Extracted records —
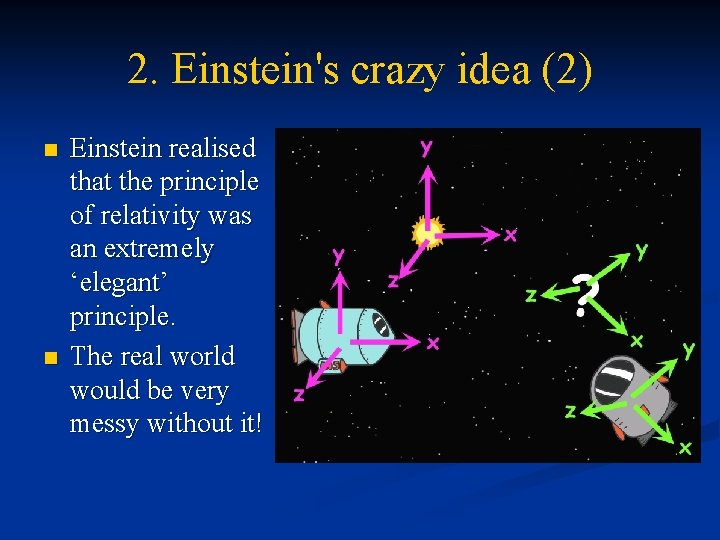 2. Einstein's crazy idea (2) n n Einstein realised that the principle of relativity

==

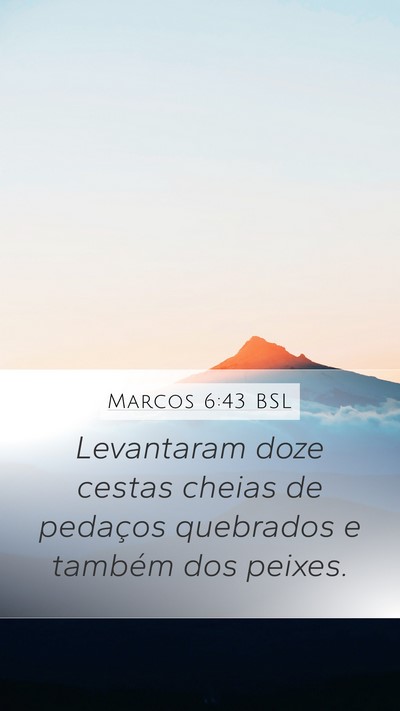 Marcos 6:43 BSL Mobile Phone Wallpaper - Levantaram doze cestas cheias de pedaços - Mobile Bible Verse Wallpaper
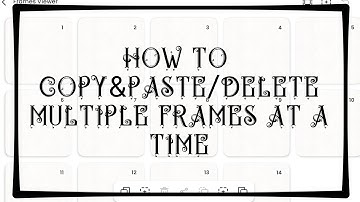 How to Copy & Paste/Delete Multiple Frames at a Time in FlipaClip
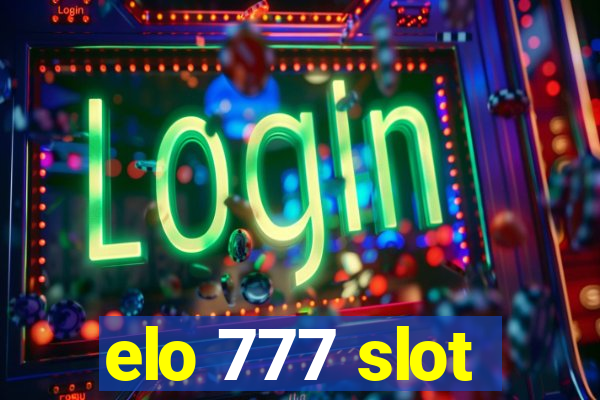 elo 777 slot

Exercise prompt — Produce an exact reproduction of the listing above, limited to the lines starting at the line with "Marcos 6:43 BSL" and ending at the line with "elo 777 slot", both kept, with every picture left out.

Response —
 Marcos 6:43 BSL Mobile Phone Wallpaper - Levantaram doze cestas cheias de pedaços - Mobile Bible Verse Wallpaper
 How to Copy & Paste/Delete Multiple Frames at a Time in FlipaClip
 elo 777 slot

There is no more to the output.